Jul 16, 2006 12:12
as college is getting closer and closer... it is beginning to feel like i am going back to high school. i hadnt seen or talked to anyone from high school until like last week. now i am beginning to miss alot of the people i saw all the time and all the classes and such. but then i snap back and realize that isnt want it was really like and that isnt what i want anymore.
i didnt have any friends in high school. honestly none of them could really tell me about what i did all the time or who i was dating. no one knew me. i didnt have a best friend.
wednesday i am going to austin to see one of my bestfriends i still talk to everyday almost. i wish rachel was still here. but i am so glad she is moving on, and loving it. i see college as a good thing for her because soon she will be with so many new people that she will not know what to do.

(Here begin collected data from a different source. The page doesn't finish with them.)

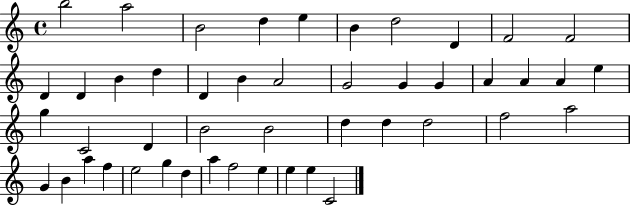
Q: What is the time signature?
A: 4/4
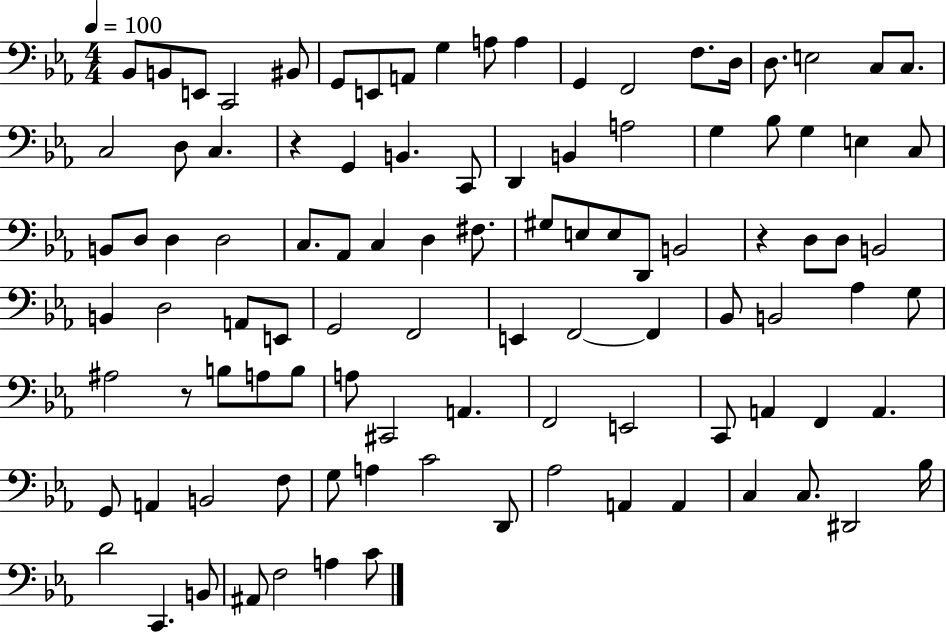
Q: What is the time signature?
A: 4/4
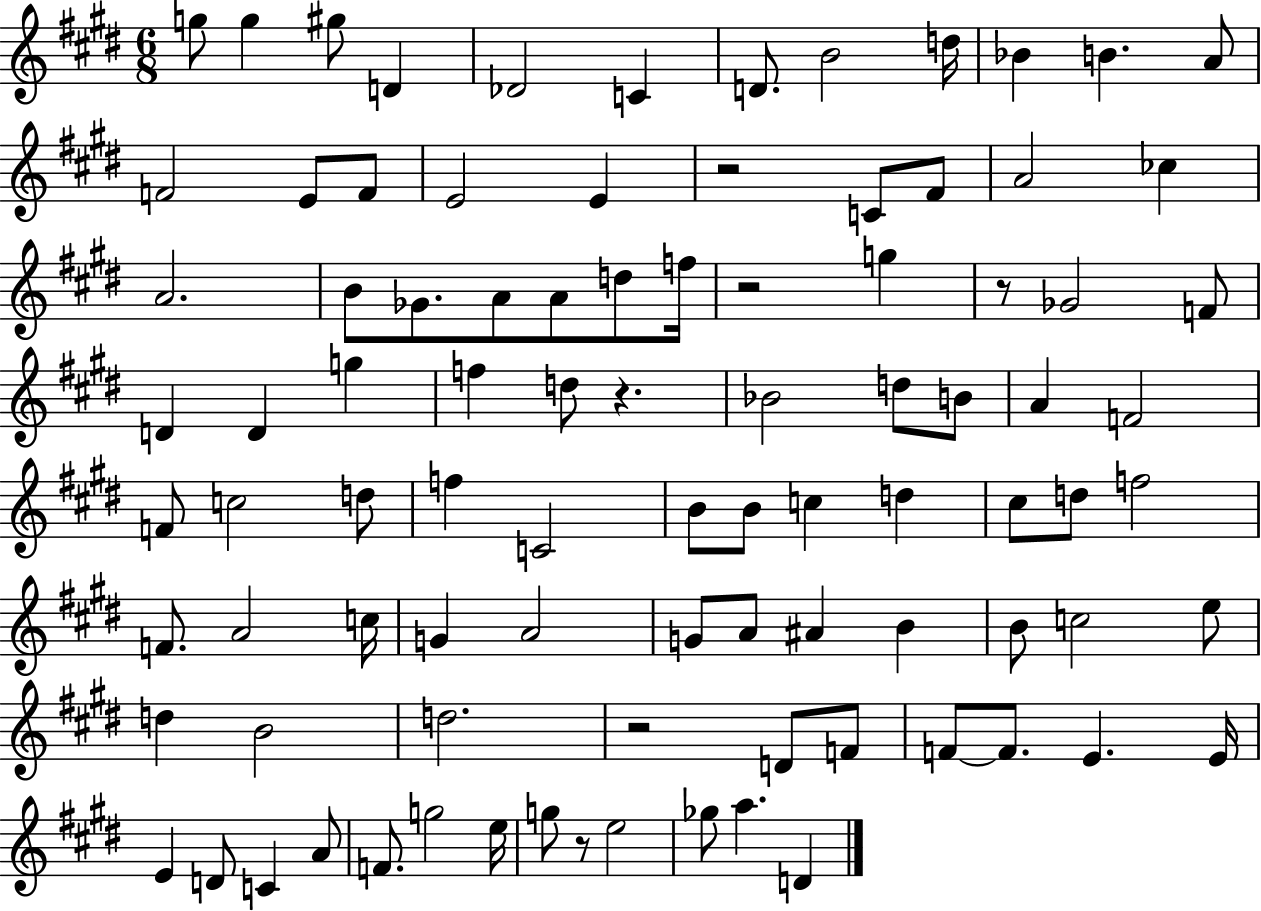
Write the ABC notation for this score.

X:1
T:Untitled
M:6/8
L:1/4
K:E
g/2 g ^g/2 D _D2 C D/2 B2 d/4 _B B A/2 F2 E/2 F/2 E2 E z2 C/2 ^F/2 A2 _c A2 B/2 _G/2 A/2 A/2 d/2 f/4 z2 g z/2 _G2 F/2 D D g f d/2 z _B2 d/2 B/2 A F2 F/2 c2 d/2 f C2 B/2 B/2 c d ^c/2 d/2 f2 F/2 A2 c/4 G A2 G/2 A/2 ^A B B/2 c2 e/2 d B2 d2 z2 D/2 F/2 F/2 F/2 E E/4 E D/2 C A/2 F/2 g2 e/4 g/2 z/2 e2 _g/2 a D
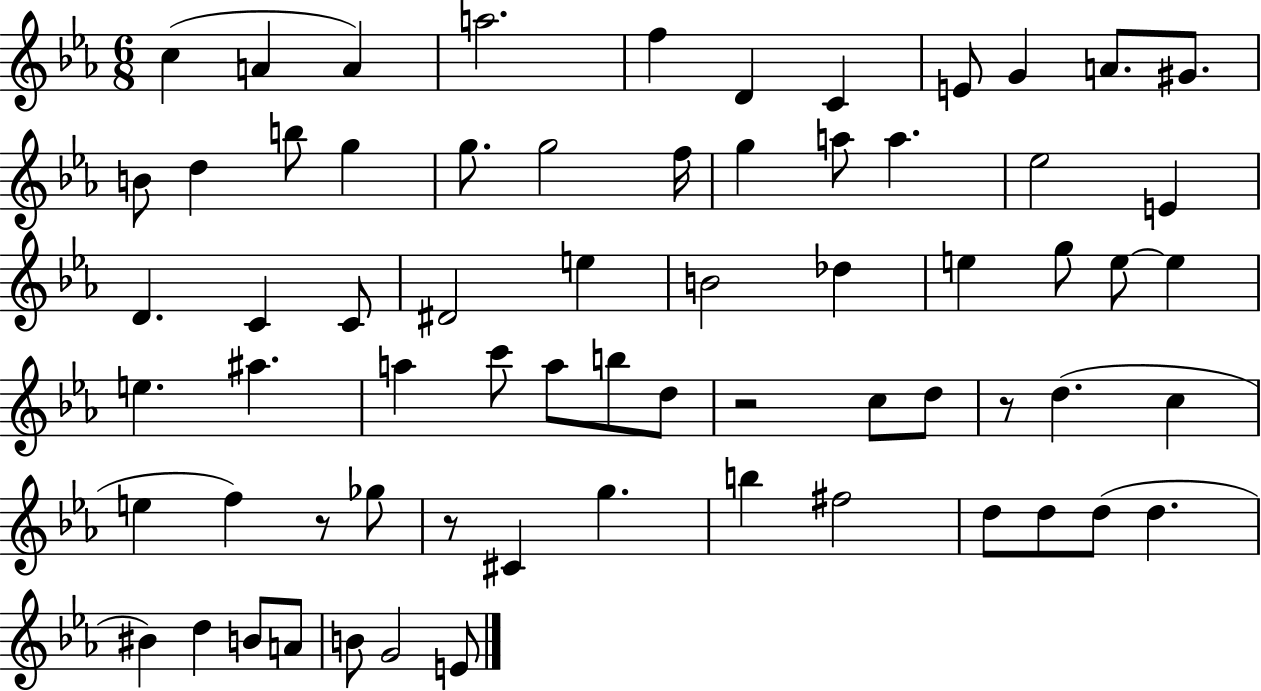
{
  \clef treble
  \numericTimeSignature
  \time 6/8
  \key ees \major
  \repeat volta 2 { c''4( a'4 a'4) | a''2. | f''4 d'4 c'4 | e'8 g'4 a'8. gis'8. | \break b'8 d''4 b''8 g''4 | g''8. g''2 f''16 | g''4 a''8 a''4. | ees''2 e'4 | \break d'4. c'4 c'8 | dis'2 e''4 | b'2 des''4 | e''4 g''8 e''8~~ e''4 | \break e''4. ais''4. | a''4 c'''8 a''8 b''8 d''8 | r2 c''8 d''8 | r8 d''4.( c''4 | \break e''4 f''4) r8 ges''8 | r8 cis'4 g''4. | b''4 fis''2 | d''8 d''8 d''8( d''4. | \break bis'4) d''4 b'8 a'8 | b'8 g'2 e'8 | } \bar "|."
}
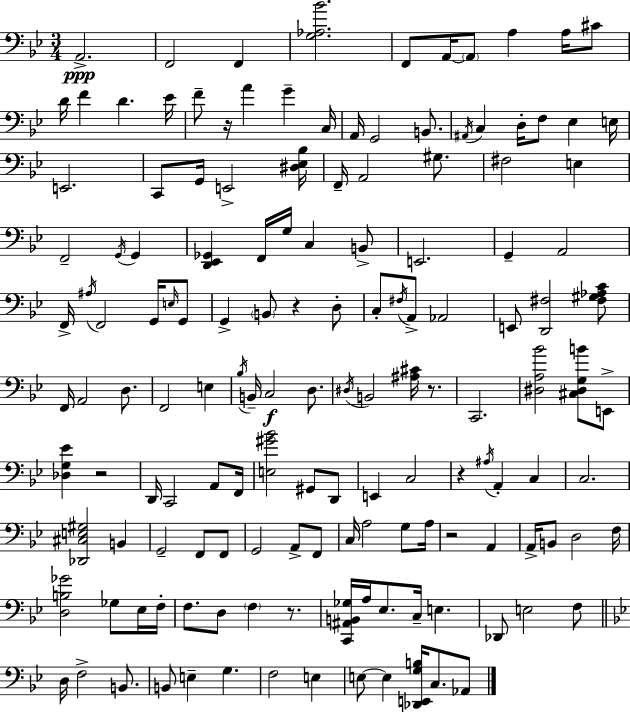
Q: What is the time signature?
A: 3/4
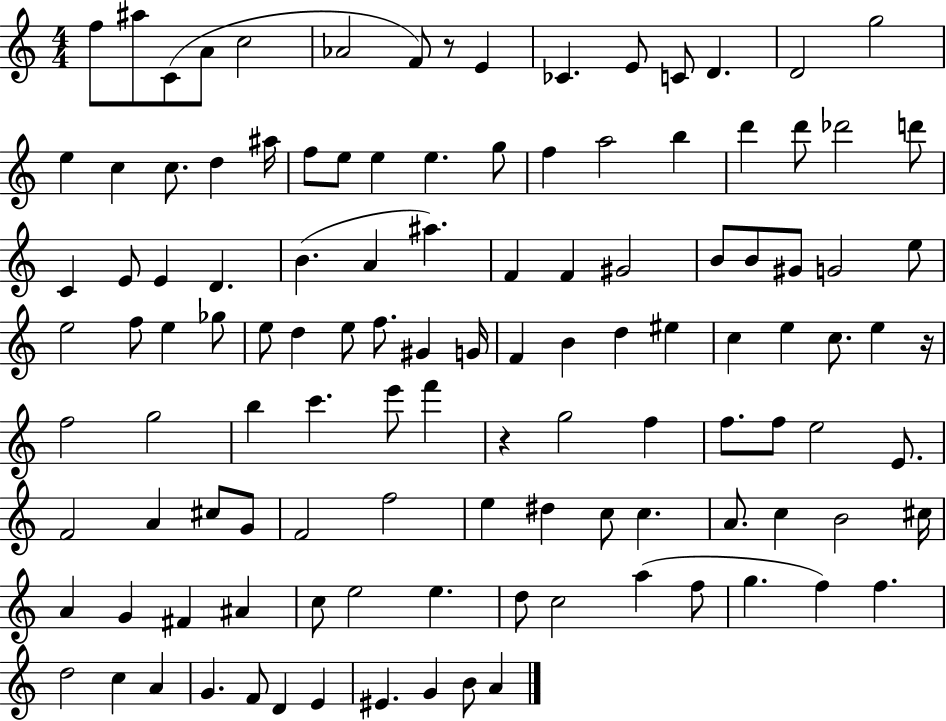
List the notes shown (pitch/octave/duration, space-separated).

F5/e A#5/e C4/e A4/e C5/h Ab4/h F4/e R/e E4/q CES4/q. E4/e C4/e D4/q. D4/h G5/h E5/q C5/q C5/e. D5/q A#5/s F5/e E5/e E5/q E5/q. G5/e F5/q A5/h B5/q D6/q D6/e Db6/h D6/e C4/q E4/e E4/q D4/q. B4/q. A4/q A#5/q. F4/q F4/q G#4/h B4/e B4/e G#4/e G4/h E5/e E5/h F5/e E5/q Gb5/e E5/e D5/q E5/e F5/e. G#4/q G4/s F4/q B4/q D5/q EIS5/q C5/q E5/q C5/e. E5/q R/s F5/h G5/h B5/q C6/q. E6/e F6/q R/q G5/h F5/q F5/e. F5/e E5/h E4/e. F4/h A4/q C#5/e G4/e F4/h F5/h E5/q D#5/q C5/e C5/q. A4/e. C5/q B4/h C#5/s A4/q G4/q F#4/q A#4/q C5/e E5/h E5/q. D5/e C5/h A5/q F5/e G5/q. F5/q F5/q. D5/h C5/q A4/q G4/q. F4/e D4/q E4/q EIS4/q. G4/q B4/e A4/q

i work my ass off for anything i do now. i work doubles on saturdays in two different places. one shift in sherman one in dallas. well it ended up being from 11 in the morning till midnight last night. well most people would hate their jobs and quit. but NO. i keep my job because it challenges me. i know if i can stay on my feet for over 12 hours with out giving up. i can do anything. who else would keep a job like mine for so long?i went home with $92 dollars last night. most people can make that in 6 hours. but it took me all day. and i dont mind that i made that much because most people have to wait 2 weeks for a pay check then only make a little over 2 or 3 hundred. i earn every penny i make. i am proud to be a server. i like my job. no matter how much it sucks and how difficult my tables are it is still the best job i could ever have.